Valkey-Search (BSD-3-Clause), provided as a Valkey module, is a high-performance Vector Similarity Search engine optimized for AI-driven workloads. It delivers single-digit millisecond latency and high QPS, capable of handling billions of vectors with over 99% recall.
Valkey-Search allows users to create indexes and perform similarity searches, incorporating complex filters. It supports Approximate Nearest Neighbor (ANN) search with HNSW and exact matching using K-Nearest Neighbors (KNN). Users can index data using either Valkey Hash or Valkey-JSON data types.
While Valkey-Search currently focuses on Vector Search, its goal is to extend Valkey into a full-fledged search engine, supporting full-text search and additional indexing options.
Valkey-Search’s ability to search billions of vectors with millisecond latencies makes it ideal for real-time applications such as:
FT.CREATE
FT.DROPINDEX
FT.INFO
FT._LIST
FT.SEARCH
For a detailed description of the supported commands, examples and configuration options, see the Command Reference.
Valkey-Search supports both Standalone and Cluster modes. Query processing and ingestion scale linearly with CPU cores in both modes. For large storage requirements, users can leverage Cluster mode for horizontal scaling of the keyspace.
If replica lag is acceptable, users can achieve horizontal query scaling by directing clients to read from replicas.
Valkey-Search supports hybrid queries, combining vector similarity search with filtering on indexed fields, such as Numeric and Tag indexes.
Tags are text fields that are interpreted as a list of tags delimited by a separator character.

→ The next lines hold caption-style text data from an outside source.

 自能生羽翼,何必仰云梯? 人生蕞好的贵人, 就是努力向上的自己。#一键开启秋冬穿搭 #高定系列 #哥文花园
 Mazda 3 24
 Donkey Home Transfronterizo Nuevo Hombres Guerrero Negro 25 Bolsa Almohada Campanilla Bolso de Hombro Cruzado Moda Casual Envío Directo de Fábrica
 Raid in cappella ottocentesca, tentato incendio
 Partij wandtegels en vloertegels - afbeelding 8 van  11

Generally, tags are small sets of values with finite possible values like color, book genre, city name, or author.
Below are some examples of building filter query on a field named:
color.
Here { and } are part of syntax and
| is used as a OR operator to support multiple tags,
general syntax is:
@<field_name>:{<tag>}
or
@<field_name>:{<tag1> | <tag2>}
or
@<field_name>:{<tag1> | <tag2> | ...}
For example, the following query will return documents with blue OR black OR green color.
@color:{blue | black | green}
As another example, the following query will return documents containing “hello world” or “hello universe”

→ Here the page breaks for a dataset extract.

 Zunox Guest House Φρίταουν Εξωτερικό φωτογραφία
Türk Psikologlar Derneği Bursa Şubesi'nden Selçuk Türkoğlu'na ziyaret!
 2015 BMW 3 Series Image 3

@color:{hello world | hello universe}
Numeric indexes allow for filtering queries to only return values that are in between a given start and end value.
+inf, -inf can be
used to express start and end ranges.As an example, the following query will return books published
between 2021 and 2024 (Both inclusive). The equivalent mathematical
expression is 2021 <= year <= 2024.
"@year:[2021 2024]"
While The following query will return books published between 2021
(exclusive) and 2024 (inclusive). The equivalent mathematical expression
is 2021 < year <= 2024:
"@year:[(2021 2024]"
The following query will return books published before 2024
(inclusive). The equivalent mathematical expression is year
<= 2024:
@year:[(-inf 2024]
The following query will return books published after 2015
(exclusive). The equivalent mathematical expression is year
>= 2015:
@year:[2015 +inf]
A query that utilizes a filter expression to filter results is called a hybrid query. Any combination of tag and numeric indexes can form a hybrid query.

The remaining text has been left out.